Hasta ahora el parsimonioso dirigente había optado por fumarse un puro y confiar que el devenir de las cosas se acomodase a sus deseos. Sentado en un búnker edificado a base de gruesos tomos de Carta Magna, el político del «todo es mentira, salvo alguna cosa» se convirtió en «don erre que erre» y se atricheró en un único, constitucional y españolísimo mensaje. Hasta que la vía de los hechos parece haberle convencido de que solo un niño puede creer que si cierras los ojos desaparece aquello que tienes alrededor. Así que, tras dar una última calada a su habano, parece que el presidente se ha puesto manos a la obra para contrarrestar lo que todo periodista español que precie calificaría como «desafío independentista» y enviará a sus ministros a la díscola Catalunya para «convencerles» (modo eufemismo ON) de lo bien que les trata la metrópoli.

Su problema está en que su estrategia parece abonada al «sostenella y no enmendalla», al estilo cidcampeadoresco que caracteriza la marca España y que, precisamente, está en el orígen de la abrumadora desafección hacia el Estado desatada en Catalunya. Pero Rajoy parece no verlo. Por si a la mayoría de la sociedad catalana no le irritaba lo suficiente el perenne «no» a la democracia que se proyecta a gritos desde Madrid, el inquilino de la Moncloa ha llegado a la conclusión de que era mejor cantárselo a la cara. Y aquí está la gran disfunción. Porque estoy seguro de que a ningún catalán con sentido común le parecería mal que los unionistas desplegasen el argumentario o los pesos pesados que considerasen oportuno en un proceso democrático en el que independentistas, federalistas, autonomistas o incluso centralistas pudiesen proponer libremente su proyecto político. Para convencer hay que apoyarse en razones. Pero no. La estrategia española, si es que la hay, no se basa en la seducción, sino que el «equipo A» de Rajoy se dedicará a explicar a los catalanes que no son mayores de edad y, por lo tanto, capaces de tomar sus propias decisiones.
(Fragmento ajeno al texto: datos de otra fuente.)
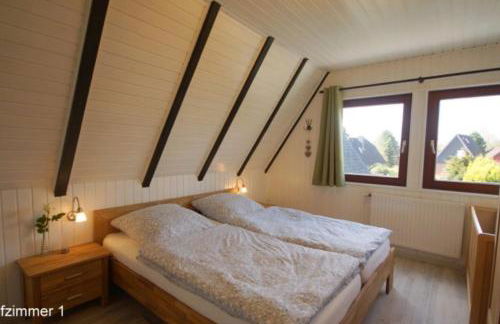 6 Personen Ferienhaus mit 4 Schlafzimmern, Infrarotwaermekabine, mit Blick auf den Weltschiffahrtsweg in Otterndorf - Foto 13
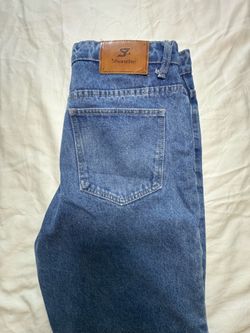 Blue denim cargo jeans with frayed edges on the pockets #cargo #denim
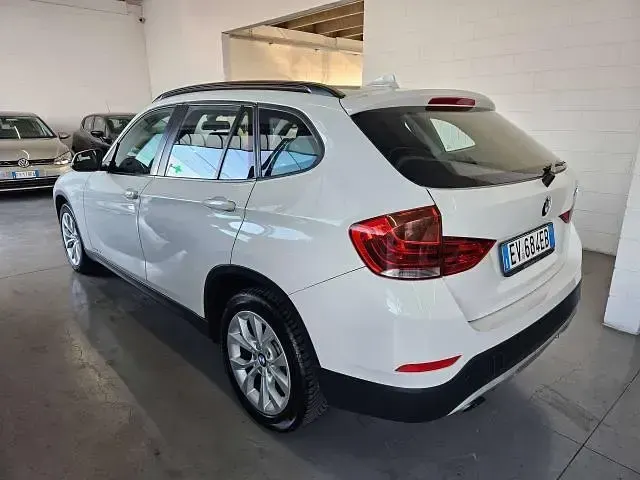 Usata BMW X1 Sport Line 116 CV (85 kW) 2014 Bianco SUV
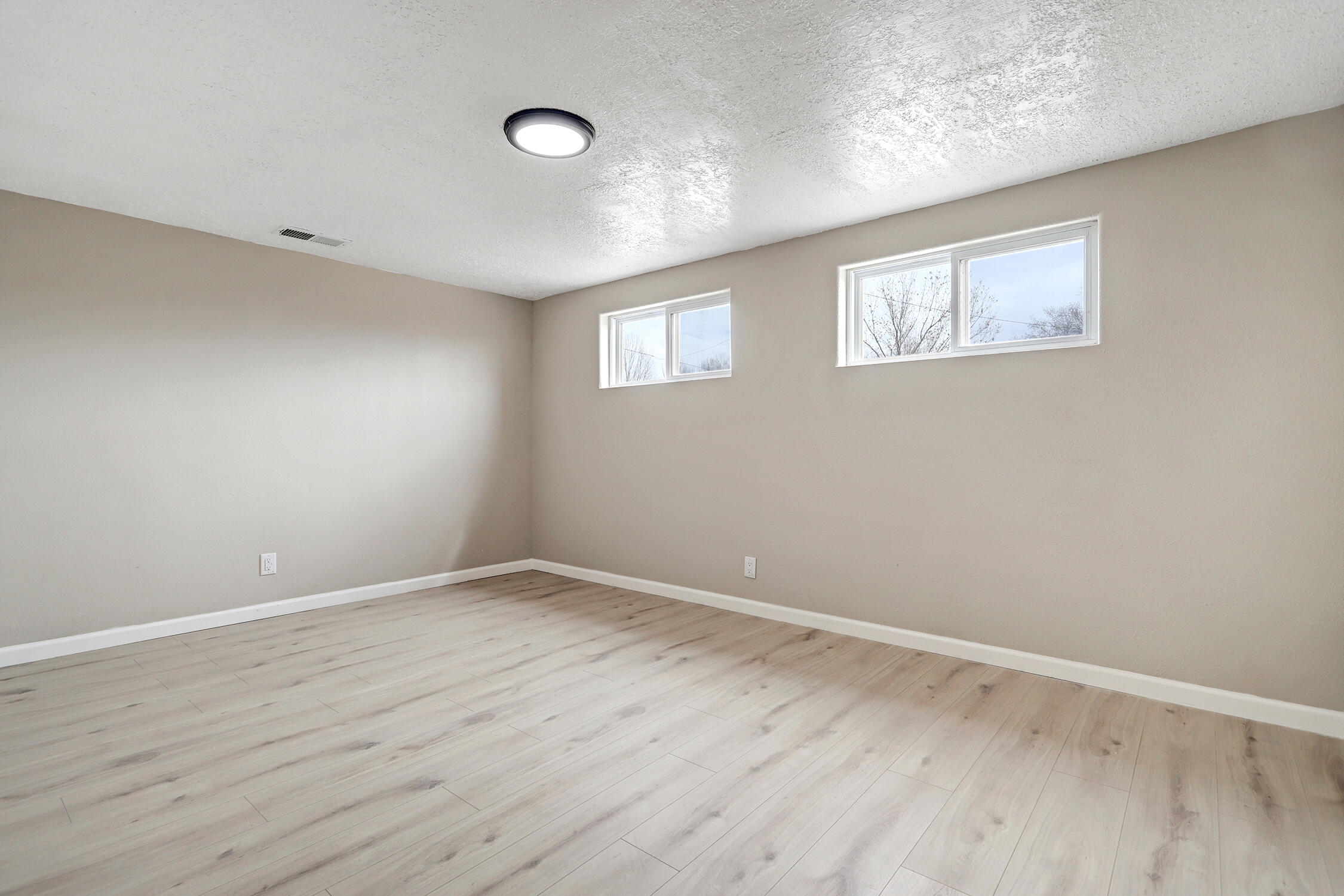 Photo 5 — 1008 Paz Del Valle Court NW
Lo disfrazarán de estadísticas, de preocupación por el bienestar económico, de «historia  en común», pero lo que subyace detrás es, como siempre, el «Santiago y cierra España» que tanto gusta al bloque del «no». Algo que puede gustar mucho en la caverna madrileña pero no resulta muy eficaz en el Principat. Cuando la gente reclama democracia, no parece razonable sacar a pasear al búnker para decirles, con palmaditas en la espalda o a mamporros, por qué no pueden ejercer su derecho al voto.

Uno de los grandes problemas del Estado español, que son muchos, sigue siendo la democracia. Pero Madrid insiste en no verlo y, en lugar de al estratega Hannibal, parece haber colocado a Murdock al volante del Estado.